ただ、自分の利点だけを使って、他人をこき使う、その考えが嫌だった…
まぁ、現実世界なら絶対、口が裂けても言わないけど、せっかく異世界に来たんだから、手が届かないような雲の上の存在に上等切ってみるのもいいかな、って思ったのも事実だ。
一番早く反応を示したのは、やはり王女さんだった。酷いとその場に泣き崩れたように見えて、罪悪感が込み上げて来る。
でも、これは間違い無く演技、…だと思う。
将軍が遅れて、俺を斬り殺そうと殺気立てて近づいてくる、結構怖い…
身体能力はかなり高い筈だし大丈夫だと思うけど、戦闘用の召喚獣は出しとくべきだったかも…
親衛隊の様な兵士にジリジリ囲まれ、将軍の攻撃射程に入ろうかと言う時に、
それは現れた…
「お姉様をイジメる人は許しませんわ!!」姉を思う気持ちからか、その体からは想像がつかない音量で叫びながら、少女が謁見の間へ突入してくる。

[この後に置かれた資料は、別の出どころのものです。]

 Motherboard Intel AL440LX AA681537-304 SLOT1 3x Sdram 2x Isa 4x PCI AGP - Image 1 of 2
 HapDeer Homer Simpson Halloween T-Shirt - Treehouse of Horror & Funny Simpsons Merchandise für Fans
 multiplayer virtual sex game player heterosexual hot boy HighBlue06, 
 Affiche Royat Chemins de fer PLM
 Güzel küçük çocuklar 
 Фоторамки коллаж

…それに反して、姉の元に駆け寄る少女の姿を擬態語で表すなら、まさしく「トテトテ♪」である。状況と少女の動きのギャップに、緊迫していた空気が緩んだ。
その隙に、兵士の間を割って入り、泣き真似をする姉を抱き寄せ、少女はこちらを睨んだ。
やばい、凄い罪悪感が…
「貴様、儂と一緒に来てもらおうか」冷静を取り戻した将軍が、俺に命令する。
ー王女視点ー
私は自室に戻り、ふぅ、と溜息を零した。
泣きながら怒る、妹の美咲を宥めて部屋に戻した後、何時もの執務机に座り考えた。
メイドの麻美が入れてくれた紅茶を飲みながら、何処で失敗したのか…なぜ、私の演技は見破られたのか考察する。

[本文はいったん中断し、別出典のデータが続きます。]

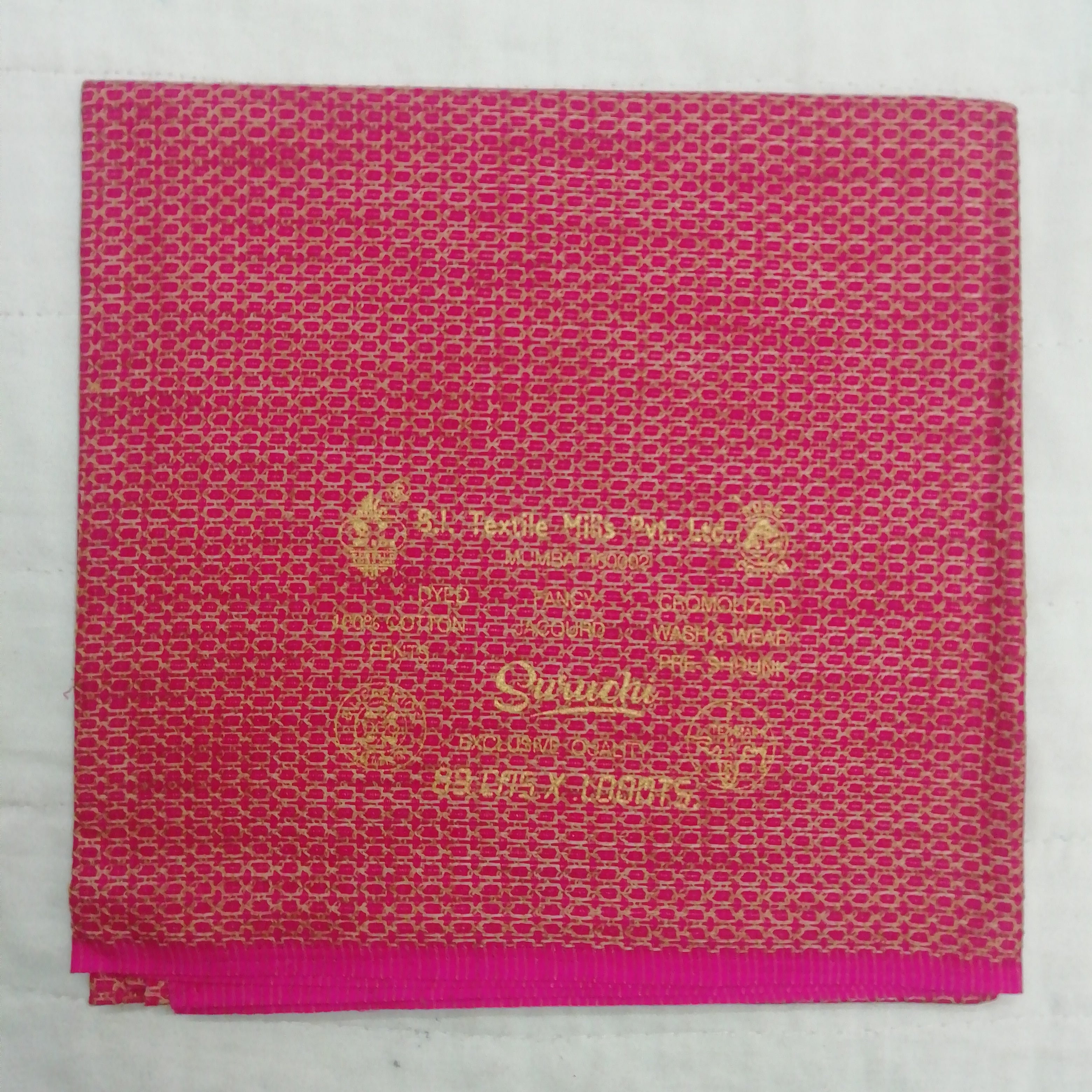 Jacquard Blouse bit 1mtr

「何がまずかったのかしら、私の演技を簡単に見破れるようには見えなかったんですけど…」質問されたと思ったのか、麻美が答える「お嬢様の本質をご理解されているのは、重臣の方々でも極一部と、お側使えを許されている物だけですので、事前に把握する事もありえませんかと…」
「それも、そうよね」と返事を返して、あの発言をされる前の自分の行動を思い返した。
高位の人間である私が、相手を持ち上げ、嘆願する。もちろん自分の美貌についても理解しているし、大きな武器だと自負もある。

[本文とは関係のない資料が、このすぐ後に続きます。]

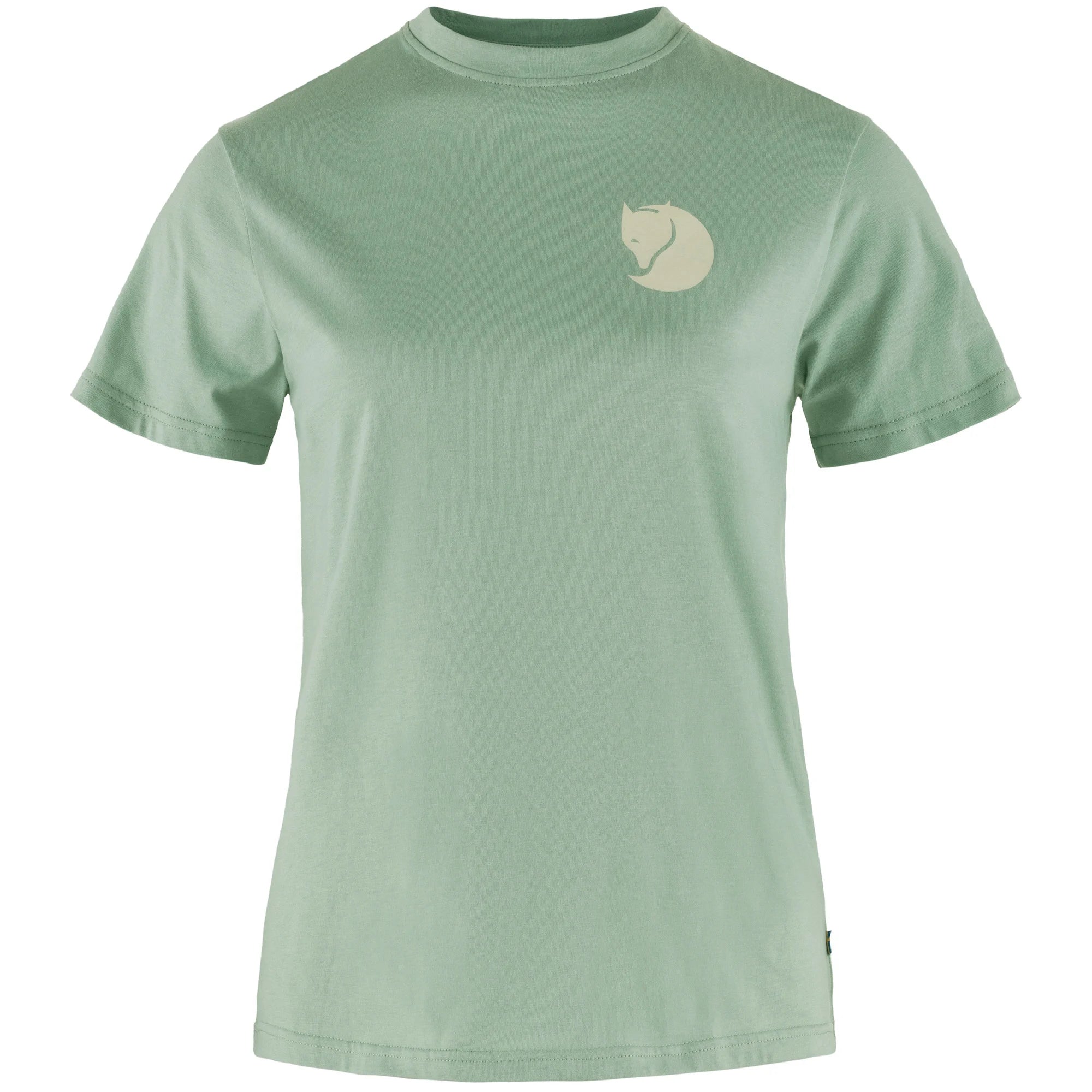 Women's Fox Boxy Logo T-Shirt - Green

演技についても見破られた事は無いし、家族でも無いのに、あんなに簡単に看破される筈ないわ。
事前にこちらから情報が漏れるのも、麻美が言ったみたいにありえないと思うし…
だとしたら、「私も魅力が無くなったって事かしらねぇ…」自嘲気味に呟くと、「それこそありえません!お嬢様こそ至高でございます!!あっ…」言い過ぎたと思ったのだろう、麻美が小さくなっている。
そんな事気にしなくても大丈夫なのにと、肩を抱いてお礼を囁くと、真っ赤になって「しっ、失礼します」と言って、出て行ってしまった。
ほんとに可愛い…
さて、と気持ちを切り替える。
あのアールヴと言う召喚士とは、もう一度話をしないといけない。私が逃げる訳には行かない。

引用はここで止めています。